In mathematical equations, there is also the concept of a temporary constant, which is a variable that has a fixed value only for a specific computation, with a possible different value for the next computation.
For a computer program, a constant is just a variable that has a fixed value for the whole runtime of the program.In contrast to a normal variable though, any try to assign a new value to it after the initialization leads to an error.
In addition to that, you always need to set a value for a constant when you define it, whereas variables can be assigned initial values separately after the declaration.
In C++, it is possible to define a constant for most of the basic, build-in data types: char, int, float, long etc.

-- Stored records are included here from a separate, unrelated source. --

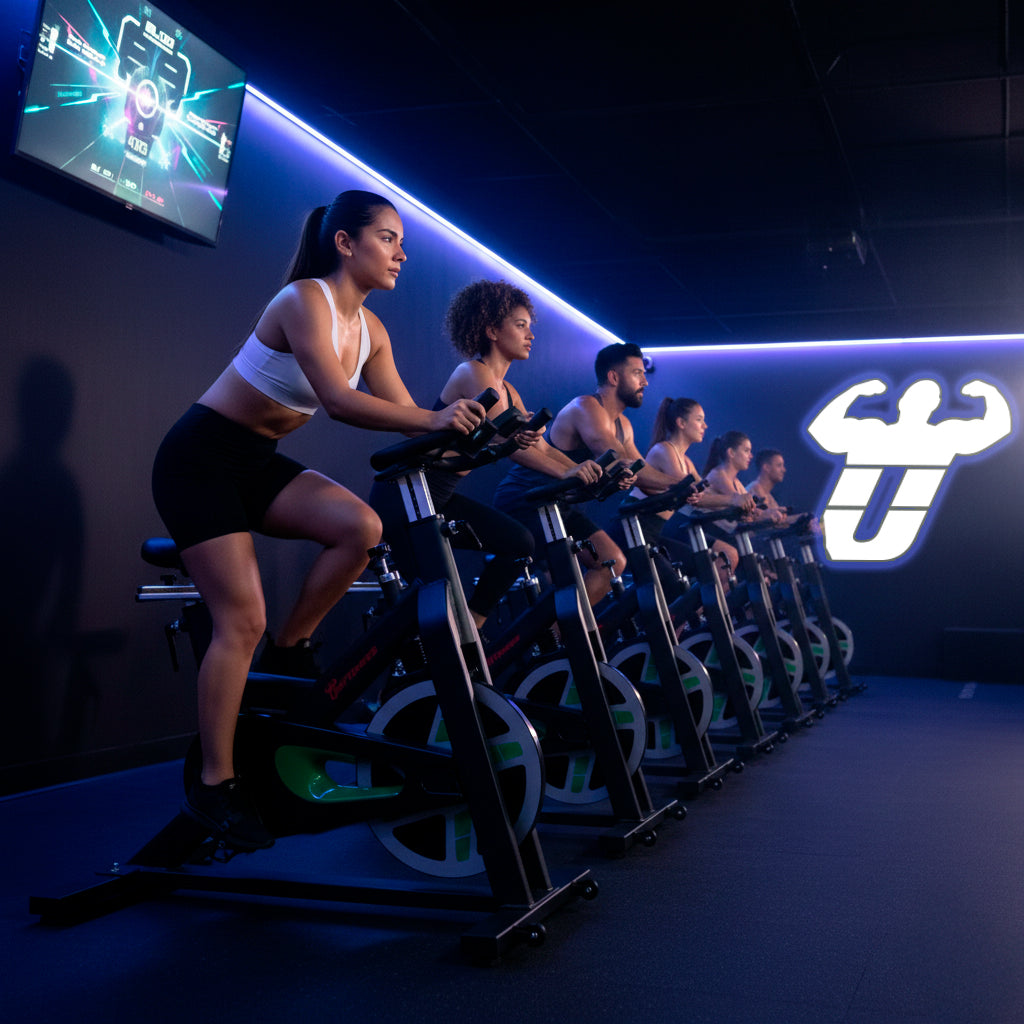 Bicicleta De Spining Unifitness S-25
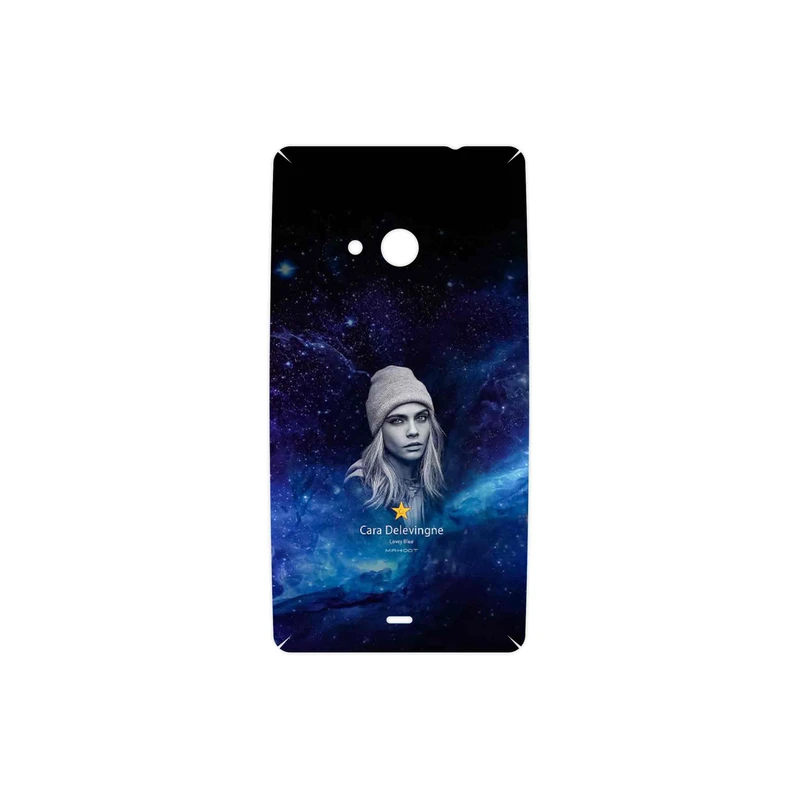 برچسب پوششی ماهوت مدل Cara Delevingne مناسب برای گوشی موبایل مایکروسافت Lumia 535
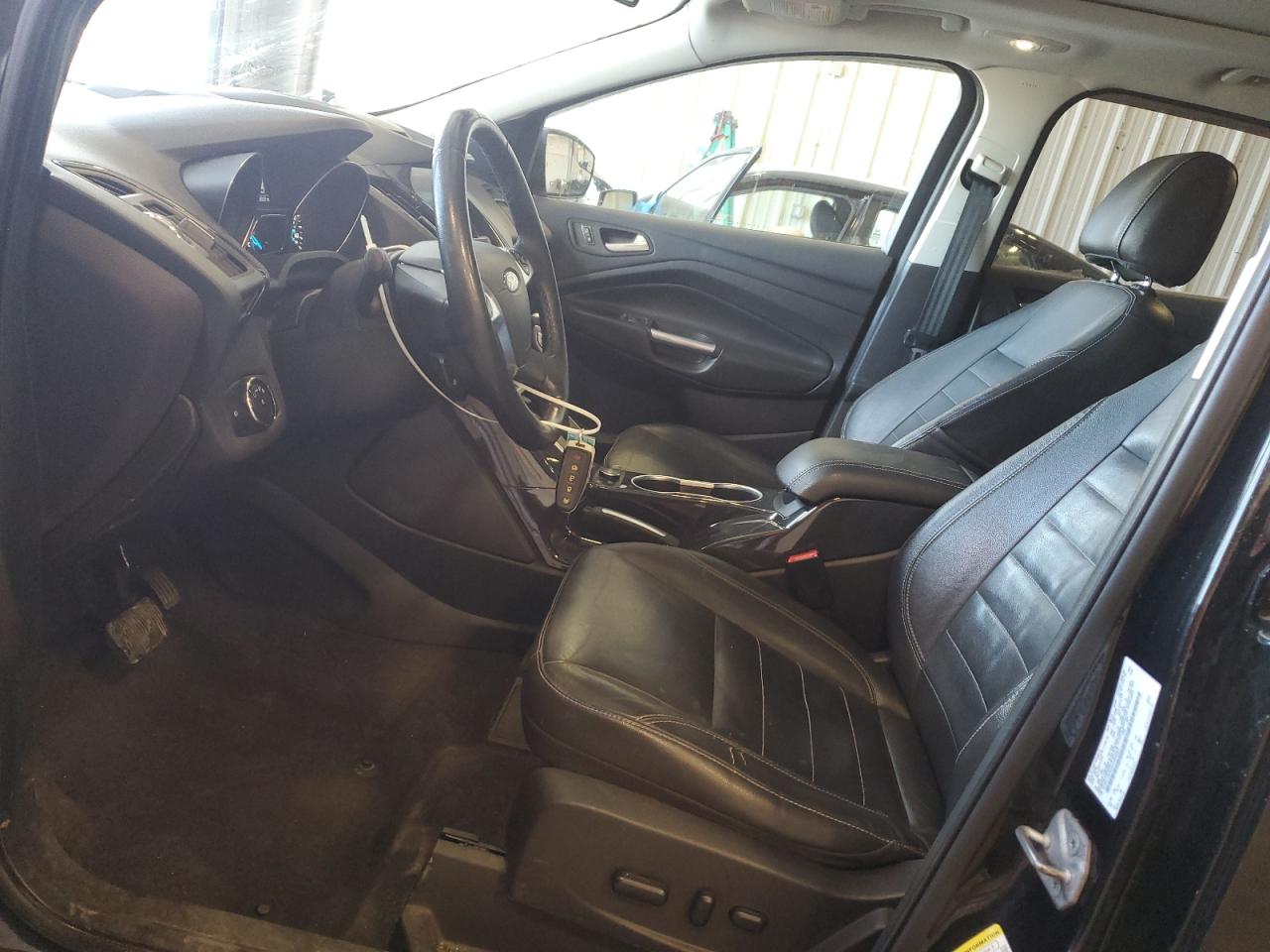 2014 Ford Escape Titanium VIN: 1FMCU9J92EUA82263 Lot: 57053935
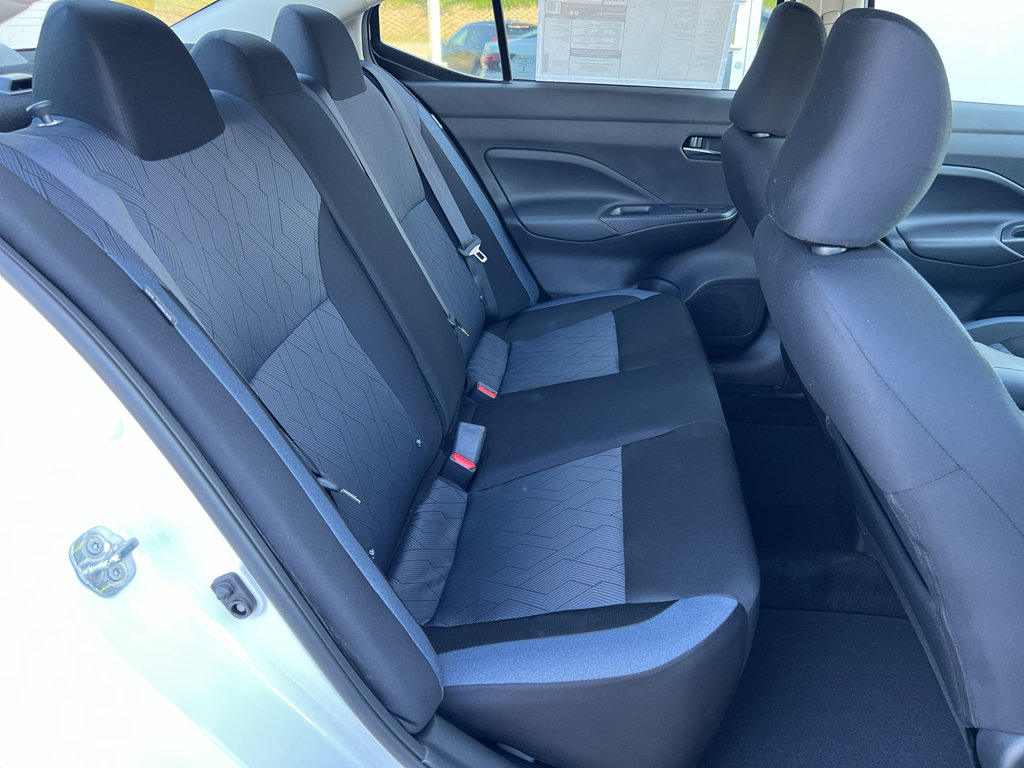 New 2025 Nissan Versa SV w/ Trunk Package image 12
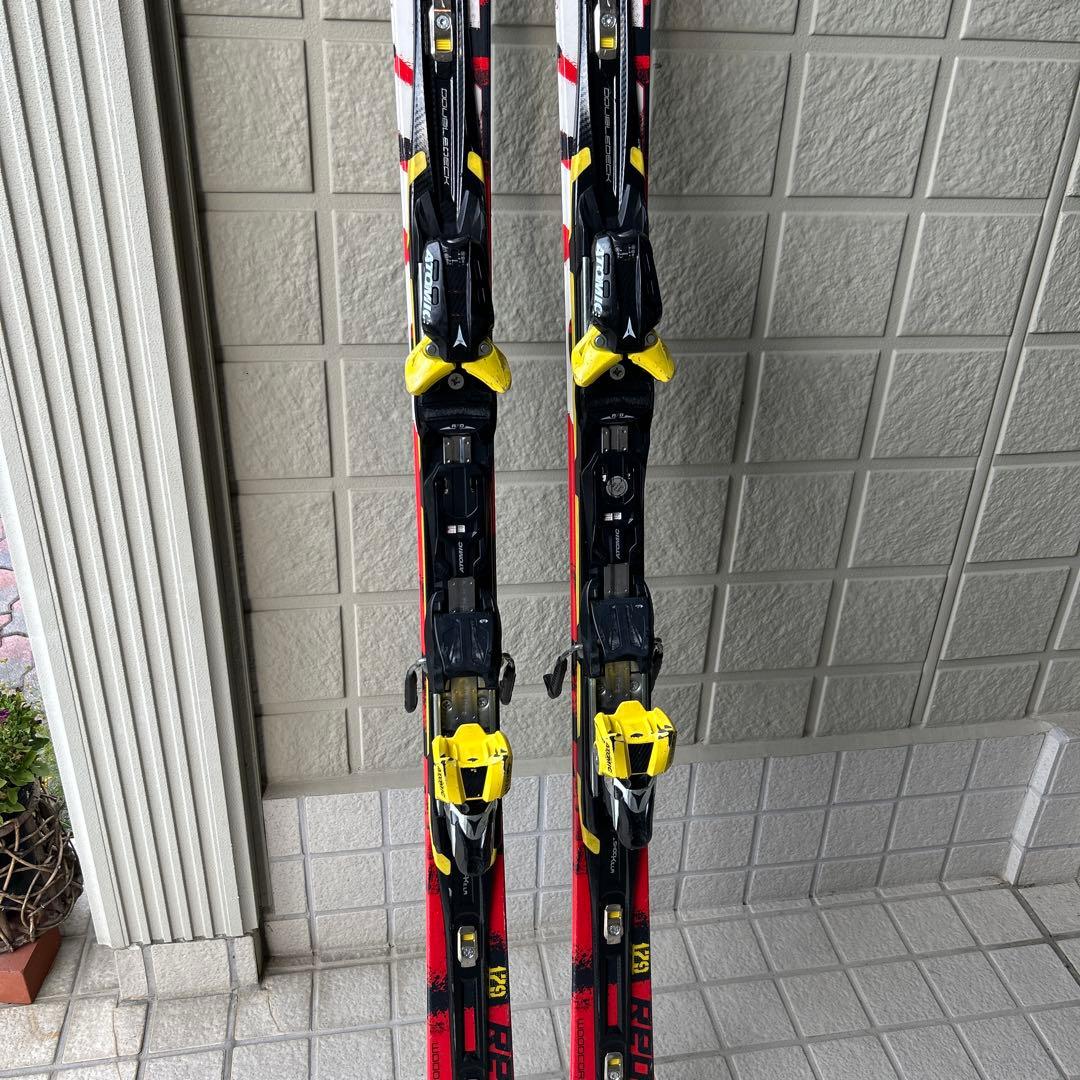 アトミック（Atomic）GS スキー板 R18.4m 179cm【基礎大回り】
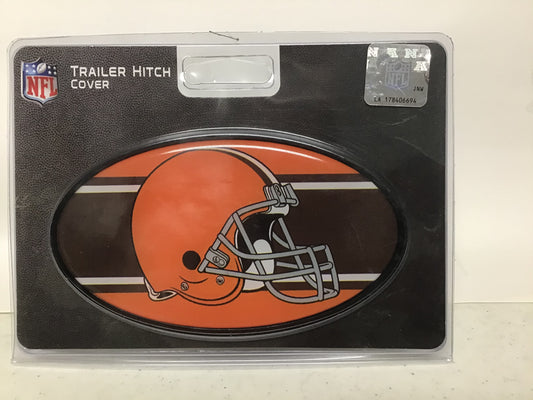 CLEVELAND BROWNS HITCH COVER
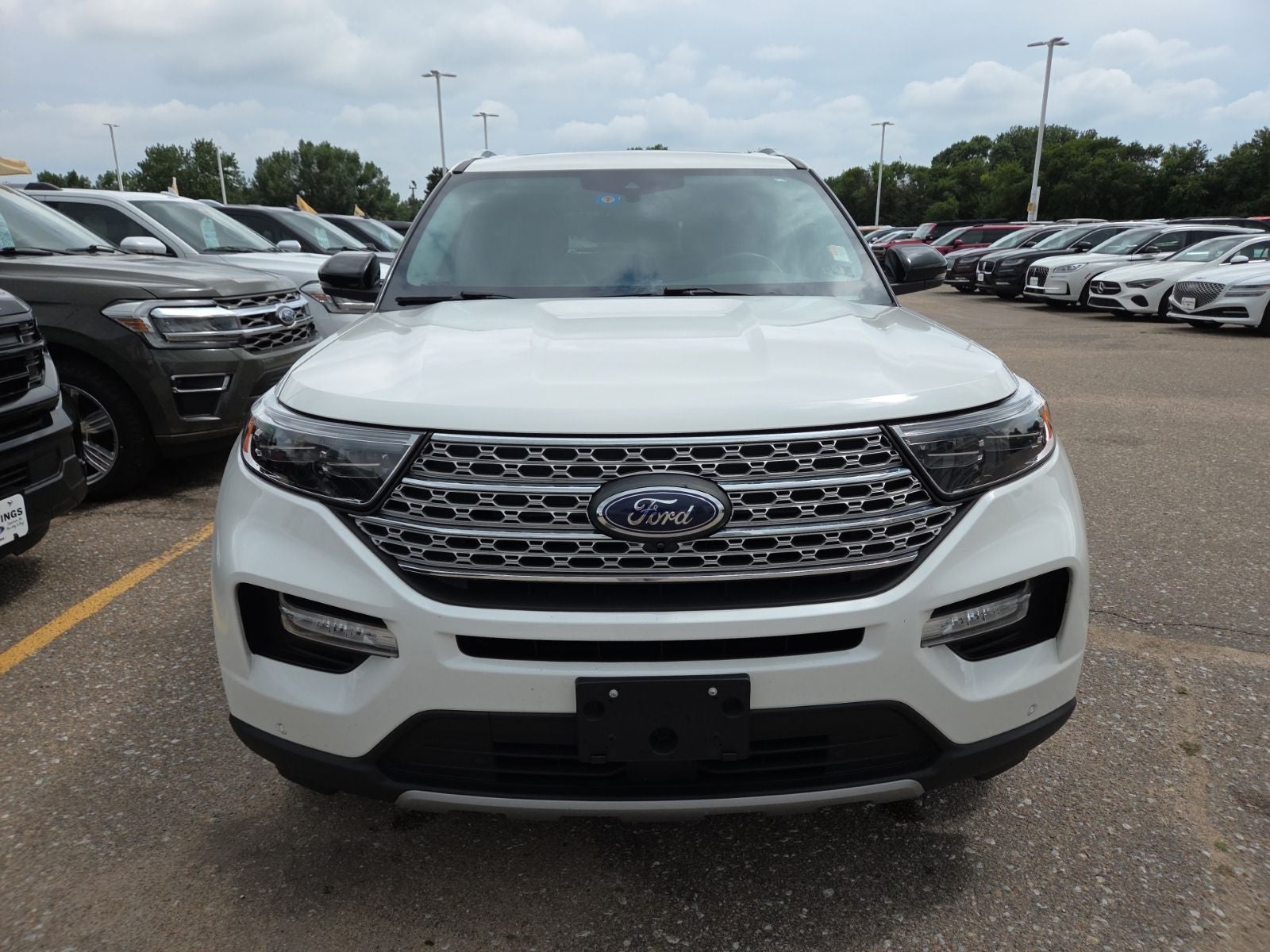 2022 Ford Explorer Limited 301A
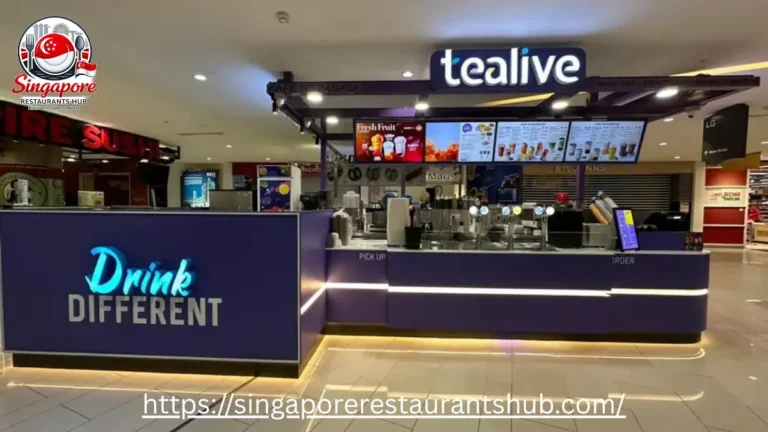 Tealive Menu Malaysia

Just as with variables, depending on the value and how and where you want to use it in your program, you need to be clear about the data type of any constant you define.
In order to define – or directly use – a constant value we need to use a so called “literal” in the related line of code in our program.
A literal is just a specific, concrete value of a given data type. In a direct value assignment such as
where the integer variable “x” is assigned the value “10”, “10” is the literal.
For integer values, the explicit number can be used as a literal, no matter if the value is positive or negative. With a negative integer value, you can just add the minus sign directly in front of the value.
In C++, integer values can also be expressed by using octal (base 8) or hexadecimal (base 16) numbers instead of decimal (base 10) numbers. This can sometimes be useful as these numbers directly relate to the byte-values (1 or 2 bytes) of the variable inside the memory, especially in more technical, hardware-related programs. Octal numbers start with a “0” (zero), followed by one or more digits with values between zero and seven. Hexadecimal numbers start with “0x” (zero followed by “x”) and use digits with values between zero and nine, as well as the characters “a” to “f” (for values between ten and fifteen).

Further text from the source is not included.